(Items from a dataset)
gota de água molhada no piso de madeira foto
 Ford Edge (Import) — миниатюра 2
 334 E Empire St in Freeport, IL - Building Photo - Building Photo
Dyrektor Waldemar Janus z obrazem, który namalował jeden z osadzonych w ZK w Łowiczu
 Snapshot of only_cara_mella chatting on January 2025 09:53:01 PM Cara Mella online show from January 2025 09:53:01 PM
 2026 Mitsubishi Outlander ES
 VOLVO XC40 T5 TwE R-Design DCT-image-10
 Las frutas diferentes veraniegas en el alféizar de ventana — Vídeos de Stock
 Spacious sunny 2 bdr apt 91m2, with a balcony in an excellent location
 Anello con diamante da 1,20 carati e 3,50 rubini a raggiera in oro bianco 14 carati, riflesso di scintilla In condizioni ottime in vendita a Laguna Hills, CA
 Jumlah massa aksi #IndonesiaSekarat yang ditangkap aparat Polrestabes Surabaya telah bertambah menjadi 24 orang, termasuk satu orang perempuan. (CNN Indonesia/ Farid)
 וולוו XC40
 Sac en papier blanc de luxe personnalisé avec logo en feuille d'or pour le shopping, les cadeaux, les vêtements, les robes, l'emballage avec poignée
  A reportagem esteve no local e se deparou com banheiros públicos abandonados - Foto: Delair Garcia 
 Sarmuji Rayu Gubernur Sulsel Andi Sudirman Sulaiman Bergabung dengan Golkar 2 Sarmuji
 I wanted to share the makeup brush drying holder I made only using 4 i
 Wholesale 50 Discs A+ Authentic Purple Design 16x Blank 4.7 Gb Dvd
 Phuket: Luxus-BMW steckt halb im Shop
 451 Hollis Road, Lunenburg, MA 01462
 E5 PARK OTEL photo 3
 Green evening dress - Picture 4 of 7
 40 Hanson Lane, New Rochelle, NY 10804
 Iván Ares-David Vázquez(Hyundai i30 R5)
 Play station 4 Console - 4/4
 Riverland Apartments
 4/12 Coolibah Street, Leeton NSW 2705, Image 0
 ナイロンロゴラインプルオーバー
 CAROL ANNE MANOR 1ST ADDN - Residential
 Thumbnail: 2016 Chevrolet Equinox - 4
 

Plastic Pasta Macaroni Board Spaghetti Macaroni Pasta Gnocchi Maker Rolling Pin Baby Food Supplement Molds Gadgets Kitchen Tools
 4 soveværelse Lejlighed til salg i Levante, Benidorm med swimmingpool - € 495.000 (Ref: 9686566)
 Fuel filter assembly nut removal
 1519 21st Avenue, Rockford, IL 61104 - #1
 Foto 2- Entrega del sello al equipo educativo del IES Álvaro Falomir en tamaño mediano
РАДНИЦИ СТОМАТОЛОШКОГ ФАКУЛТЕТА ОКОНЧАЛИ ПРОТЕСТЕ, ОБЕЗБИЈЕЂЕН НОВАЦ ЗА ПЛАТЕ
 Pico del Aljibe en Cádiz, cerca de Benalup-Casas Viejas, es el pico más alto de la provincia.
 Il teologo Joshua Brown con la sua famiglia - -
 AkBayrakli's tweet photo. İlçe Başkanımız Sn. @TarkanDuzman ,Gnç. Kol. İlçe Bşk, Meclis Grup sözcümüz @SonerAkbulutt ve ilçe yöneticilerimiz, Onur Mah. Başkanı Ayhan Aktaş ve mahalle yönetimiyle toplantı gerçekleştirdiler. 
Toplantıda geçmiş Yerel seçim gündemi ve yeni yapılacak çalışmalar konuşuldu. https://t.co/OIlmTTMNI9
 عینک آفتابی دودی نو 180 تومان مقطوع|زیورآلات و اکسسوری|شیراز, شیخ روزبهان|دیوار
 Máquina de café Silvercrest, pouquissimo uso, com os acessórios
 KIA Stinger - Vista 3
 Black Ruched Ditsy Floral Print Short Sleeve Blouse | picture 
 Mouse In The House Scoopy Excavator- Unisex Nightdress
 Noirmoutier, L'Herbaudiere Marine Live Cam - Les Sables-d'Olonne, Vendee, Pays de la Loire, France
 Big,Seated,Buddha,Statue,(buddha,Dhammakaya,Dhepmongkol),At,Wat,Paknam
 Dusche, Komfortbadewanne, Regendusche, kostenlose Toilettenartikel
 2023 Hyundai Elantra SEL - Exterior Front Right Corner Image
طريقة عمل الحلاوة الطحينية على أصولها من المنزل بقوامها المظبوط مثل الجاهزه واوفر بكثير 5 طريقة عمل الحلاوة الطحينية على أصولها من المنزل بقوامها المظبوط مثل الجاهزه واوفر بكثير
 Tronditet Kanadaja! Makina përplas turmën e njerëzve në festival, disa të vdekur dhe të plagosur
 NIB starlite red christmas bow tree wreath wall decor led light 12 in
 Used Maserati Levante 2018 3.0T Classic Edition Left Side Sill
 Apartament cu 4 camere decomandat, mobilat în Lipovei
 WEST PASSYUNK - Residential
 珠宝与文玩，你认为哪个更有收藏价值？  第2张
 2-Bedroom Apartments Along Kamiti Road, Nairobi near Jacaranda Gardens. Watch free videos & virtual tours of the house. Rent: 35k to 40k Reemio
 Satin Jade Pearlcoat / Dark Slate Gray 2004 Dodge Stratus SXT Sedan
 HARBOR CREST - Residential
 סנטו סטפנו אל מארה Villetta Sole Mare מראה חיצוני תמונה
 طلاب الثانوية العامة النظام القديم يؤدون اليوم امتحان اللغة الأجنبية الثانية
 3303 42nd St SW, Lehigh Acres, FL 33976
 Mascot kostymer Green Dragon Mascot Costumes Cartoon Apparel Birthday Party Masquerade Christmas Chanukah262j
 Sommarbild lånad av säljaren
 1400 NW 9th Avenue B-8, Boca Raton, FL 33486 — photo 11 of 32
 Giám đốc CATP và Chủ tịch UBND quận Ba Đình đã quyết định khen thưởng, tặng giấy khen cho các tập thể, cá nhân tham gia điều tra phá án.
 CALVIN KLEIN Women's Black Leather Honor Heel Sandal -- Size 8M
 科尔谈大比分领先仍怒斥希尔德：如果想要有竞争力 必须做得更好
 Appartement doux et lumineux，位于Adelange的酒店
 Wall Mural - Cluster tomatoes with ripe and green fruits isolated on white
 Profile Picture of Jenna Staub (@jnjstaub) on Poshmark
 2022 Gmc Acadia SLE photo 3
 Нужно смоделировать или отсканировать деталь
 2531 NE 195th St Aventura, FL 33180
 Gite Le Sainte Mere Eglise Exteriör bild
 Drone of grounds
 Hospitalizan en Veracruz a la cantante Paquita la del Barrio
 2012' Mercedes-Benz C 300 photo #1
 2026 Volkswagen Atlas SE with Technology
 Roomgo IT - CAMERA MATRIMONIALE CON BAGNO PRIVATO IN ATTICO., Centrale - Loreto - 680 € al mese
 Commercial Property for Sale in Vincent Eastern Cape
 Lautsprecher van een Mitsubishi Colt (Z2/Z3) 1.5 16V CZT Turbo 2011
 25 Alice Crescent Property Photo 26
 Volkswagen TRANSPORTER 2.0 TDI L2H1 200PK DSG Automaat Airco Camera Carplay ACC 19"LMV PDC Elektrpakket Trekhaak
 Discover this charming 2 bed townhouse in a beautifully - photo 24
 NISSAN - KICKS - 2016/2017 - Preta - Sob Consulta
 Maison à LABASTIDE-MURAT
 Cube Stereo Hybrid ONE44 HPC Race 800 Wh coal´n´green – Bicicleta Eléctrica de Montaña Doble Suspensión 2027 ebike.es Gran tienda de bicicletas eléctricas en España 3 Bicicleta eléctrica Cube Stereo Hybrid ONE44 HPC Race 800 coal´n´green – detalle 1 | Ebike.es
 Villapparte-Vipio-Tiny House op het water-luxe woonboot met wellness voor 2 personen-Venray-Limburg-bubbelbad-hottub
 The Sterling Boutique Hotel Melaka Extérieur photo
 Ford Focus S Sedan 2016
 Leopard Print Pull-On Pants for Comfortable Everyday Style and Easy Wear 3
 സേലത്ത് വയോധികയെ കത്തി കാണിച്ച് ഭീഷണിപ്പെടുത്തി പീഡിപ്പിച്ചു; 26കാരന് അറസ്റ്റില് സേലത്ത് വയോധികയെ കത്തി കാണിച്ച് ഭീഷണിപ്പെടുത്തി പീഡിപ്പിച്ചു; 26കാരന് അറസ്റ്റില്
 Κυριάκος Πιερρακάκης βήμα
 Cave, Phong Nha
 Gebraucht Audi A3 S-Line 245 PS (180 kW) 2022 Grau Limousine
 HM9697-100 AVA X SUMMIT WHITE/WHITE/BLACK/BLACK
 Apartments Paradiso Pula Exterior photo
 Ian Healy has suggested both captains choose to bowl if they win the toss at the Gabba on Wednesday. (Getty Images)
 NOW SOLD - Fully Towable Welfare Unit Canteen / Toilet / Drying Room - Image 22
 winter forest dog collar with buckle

— EXERCISE REQUIREMENTS —
Say how many lines in the records hold the string "Hyundai". Give no other words.

— WRITTEN SOLUTION —
2